------ Data provided

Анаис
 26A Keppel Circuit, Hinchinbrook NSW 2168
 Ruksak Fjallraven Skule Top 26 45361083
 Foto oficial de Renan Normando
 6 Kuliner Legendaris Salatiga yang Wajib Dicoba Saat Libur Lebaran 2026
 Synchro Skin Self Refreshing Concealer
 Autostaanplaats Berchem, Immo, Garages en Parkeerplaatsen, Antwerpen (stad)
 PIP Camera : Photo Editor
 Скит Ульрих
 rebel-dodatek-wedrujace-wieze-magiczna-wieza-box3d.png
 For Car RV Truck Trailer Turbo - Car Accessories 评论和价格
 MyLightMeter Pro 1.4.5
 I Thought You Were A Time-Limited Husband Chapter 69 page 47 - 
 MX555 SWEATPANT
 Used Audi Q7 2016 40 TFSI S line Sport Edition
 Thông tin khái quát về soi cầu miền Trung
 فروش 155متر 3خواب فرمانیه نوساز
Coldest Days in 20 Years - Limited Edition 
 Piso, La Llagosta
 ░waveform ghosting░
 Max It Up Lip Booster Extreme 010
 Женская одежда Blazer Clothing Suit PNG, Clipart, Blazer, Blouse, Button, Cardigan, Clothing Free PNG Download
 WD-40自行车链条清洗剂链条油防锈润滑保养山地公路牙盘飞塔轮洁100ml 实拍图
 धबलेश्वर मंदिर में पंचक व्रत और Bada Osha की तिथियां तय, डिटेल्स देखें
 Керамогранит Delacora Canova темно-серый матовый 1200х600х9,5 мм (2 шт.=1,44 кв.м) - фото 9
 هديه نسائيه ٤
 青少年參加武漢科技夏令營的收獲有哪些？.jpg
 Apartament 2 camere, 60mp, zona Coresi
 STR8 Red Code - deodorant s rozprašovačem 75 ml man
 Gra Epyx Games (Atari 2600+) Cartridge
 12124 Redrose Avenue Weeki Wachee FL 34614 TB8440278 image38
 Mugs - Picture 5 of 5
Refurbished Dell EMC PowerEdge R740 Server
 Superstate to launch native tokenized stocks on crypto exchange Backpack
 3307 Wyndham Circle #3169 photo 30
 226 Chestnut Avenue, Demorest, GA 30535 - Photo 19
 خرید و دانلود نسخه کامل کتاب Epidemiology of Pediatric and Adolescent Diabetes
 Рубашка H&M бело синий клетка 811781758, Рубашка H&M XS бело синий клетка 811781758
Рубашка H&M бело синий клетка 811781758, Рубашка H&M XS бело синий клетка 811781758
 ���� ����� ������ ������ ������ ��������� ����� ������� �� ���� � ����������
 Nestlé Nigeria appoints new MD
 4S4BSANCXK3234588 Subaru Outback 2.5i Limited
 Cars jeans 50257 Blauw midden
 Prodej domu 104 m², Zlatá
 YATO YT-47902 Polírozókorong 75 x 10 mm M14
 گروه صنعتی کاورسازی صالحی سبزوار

------------

Please return the lines above that run from the line containing "26A Keppel Circuit, Hinchinbrook NSW 2168" to the line containing "3307 Wyndham Circle #3169 photo 30", inclusive, exactly and with no other lines.

 26A Keppel Circuit, Hinchinbrook NSW 2168
 Ruksak Fjallraven Skule Top 26 45361083
 Foto oficial de Renan Normando
 6 Kuliner Legendaris Salatiga yang Wajib Dicoba Saat Libur Lebaran 2026
 Synchro Skin Self Refreshing Concealer
 Autostaanplaats Berchem, Immo, Garages en Parkeerplaatsen, Antwerpen (stad)
 PIP Camera : Photo Editor
 Скит Ульрих
 rebel-dodatek-wedrujace-wieze-magiczna-wieza-box3d.png
 For Car RV Truck Trailer Turbo - Car Accessories 评论和价格
 MyLightMeter Pro 1.4.5
 I Thought You Were A Time-Limited Husband Chapter 69 page 47 - 
 MX555 SWEATPANT
 Used Audi Q7 2016 40 TFSI S line Sport Edition
 Thông tin khái quát về soi cầu miền Trung
 فروش 155متر 3خواب فرمانیه نوساز
Coldest Days in 20 Years - Limited Edition 
 Piso, La Llagosta
 ░waveform ghosting░
 Max It Up Lip Booster Extreme 010
 Женская одежда Blazer Clothing Suit PNG, Clipart, Blazer, Blouse, Button, Cardigan, Clothing Free PNG Download
 WD-40自行车链条清洗剂链条油防锈润滑保养山地公路牙盘飞塔轮洁100ml 实拍图
 धबलेश्वर मंदिर में पंचक व्रत और Bada Osha की तिथियां तय, डिटेल्स देखें
 Керамогранит Delacora Canova темно-серый матовый 1200х600х9,5 мм (2 шт.=1,44 кв.м) - фото 9
 هديه نسائيه ٤
 青少年參加武漢科技夏令營的收獲有哪些？.jpg
 Apartament 2 camere, 60mp, zona Coresi
 STR8 Red Code - deodorant s rozprašovačem 75 ml man
 Gra Epyx Games (Atari 2600+) Cartridge
 12124 Redrose Avenue Weeki Wachee FL 34614 TB8440278 image38
 Mugs - Picture 5 of 5
Refurbished Dell EMC PowerEdge R740 Server
 Superstate to launch native tokenized stocks on crypto exchange Backpack
 3307 Wyndham Circle #3169 photo 30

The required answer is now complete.